Feedback about Finding similar editors feature[edit]

  • Automated behavioral comparison is a great idea, if you can find a way to make it work from a performance standpoint. Why limit it to only IP editors? ST47 (talk) 00:41, 15 January 2020 (UTC)
  • Yes great idea. I agree with the noted risk that automation can inappropriately accuse editors, but we already have an underregulated and nonstandard accusation detection process. The way to counter the ethical challenges is by funding documentation, more accessible instructions, and online and in-person meetups for people to raise issues and develop solutions. We already have a very labor intensive system which is not scaling. Our greatest threat is not the early bias of the first automation, but of the existing current problem of undetected and unanswered misconduct. By not having semi-automation we permit too much behavior which we ought to exclude. Blue Rasberry (talk) 20:25, 15 January 2020 (UTC)
  • It is a useful tool, but in no way it can be a replacement to finding editors in the same range. Hint: very few LTAs have an interest in exactly the same pages, many have same editing pattern but can edit any pages. A realistic example from Ukrainian Wikipedia: an LTA is making POV-pushing on Crimea topics. Here are three edits for analysis:
    1. replaced in Ivan (footballer) Ivan was born in Sevastopol, Ukraine with Ivan was born in Sevastopol, Russia
    2. replaced in Crimea Crimea is internationally recognised as a part of Ukraine with Crimea is wrongly recognised as a part of Ukraine
    3. replaced in Ivan (singer) Born in Sevastopol, Ivan works for MTV Ukraine with Born in Sevastopol, Ivan works for MTV Russia
    A local patroller finds edit 1, finds out that it is our known LTA, checks contributions and reverts edit 2.
    A machine learning tool gets edit 1 as an input and will most likely suggest to revert edit 3 (which is almost identical). Unfortunately, edit 3 is a legitimate update for a person who really moved from MTV Ukraine to MTV Russia. I wonder whether ORES will even find edit 2. I have already spotted such behaviour in Ukrainian Wikipedia: after an edit war edits of the side which ended up being consensual were labelled as abusive by the machine learning tool.
    I also wonder whether this tool will work across wikis, e.g. if made this edit in Ukrainian Wikipedia and made this edit in Polish Wikivoyage.
    Thus I would probably use such tool as an additional instrument, but it will not replace range contributions for me — NickK (talk) 13:39, 18 January 2020 (UTC)

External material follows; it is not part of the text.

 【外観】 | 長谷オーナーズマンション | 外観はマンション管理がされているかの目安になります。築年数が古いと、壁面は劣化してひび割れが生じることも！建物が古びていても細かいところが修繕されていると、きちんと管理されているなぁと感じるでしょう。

Feedback about Database for documenting LTAs[edit]

  • Is the idea that this database is being populated by CheckUsers, but used by users without any special permissions? Based on the fact that it doesn't actually show IP addresses or user agents, just a count of matching ones? There's probably still a privacy concern there. Also, due to dynamic IP addresses, showing "IPs: 0 out of 5 match" is one thing, but how many are matching the same IP ranges, ISPs, geolocations? For user agents, a simple match isn't very effective because most browsers increment versions every month, it should be checking for the same browser/OS/platform. If you could do even more fingerprinting, that would be great too. ST47 (talk) 00:46, 15 January 2020 (UTC)
  • An LTA database was discussed once upon a time at enwiki (link). I remain of the opinion that a public library which both registered and unregistered users can consult is a useful tool. As a responder to requests for blocks, I have often been educated by some unregistered user pointing to an LTA page along with the latest vandal. And I will sometimes visit LTA pages on wikis where I have no edits, so would not benefit from having this information hidden from me on that basis. For such an idea to work effectively, I think you should basically throw out any ideas of read-level security. I also think when you have more information limited to a more restricted group, you get more misinformation. Don't take this as total opposition to the idea, I'm just not persuaded that LTA pages should be deprecated. -- zzuuzz (talk) 19:10, 15 January 2020 (UTC)
  • Yes, great idea. Please fund Wikimedia community organizations and focus groups to develop text and documentation for how this should be. I am especially interested in developing categories or labels for humans to apply to different sorts of behavior. If we have a database we need sorting systems, and socially we are far, far from being able to have reasonable or useful conversations about sorting. This will require slow conversation in many places over time, and if we invest a little now slowly then that will save great expense. Without the labels the quality of the data we collect will suffer and we will be unable to usefully discuss various types of long term abuse. Blue Rasberry (talk) 20:22, 15 January 2020 (UTC)
  • I don't think a public library of LTAs is a good idea, this library should necessarily be private and require special permissions. We have already an LTA in Ukrainian Wikipedia who studied public rules (filters, rangeblocks etc.) and adapted their abusive edits to them, becoming even more abusive as their ability to circumvent restrictions improved. As ST47, I also think that pages/IPs/UAs dimensions are not sufficient: an LTA can perfectly make similar edits to a different topic, using the next IP from the same range (because we blocked the previous one!) and an updated UA (because of the browser update). A possibility of human comparison will be more useful — NickK (talk) 13:39, 18 January 2020 (UTC)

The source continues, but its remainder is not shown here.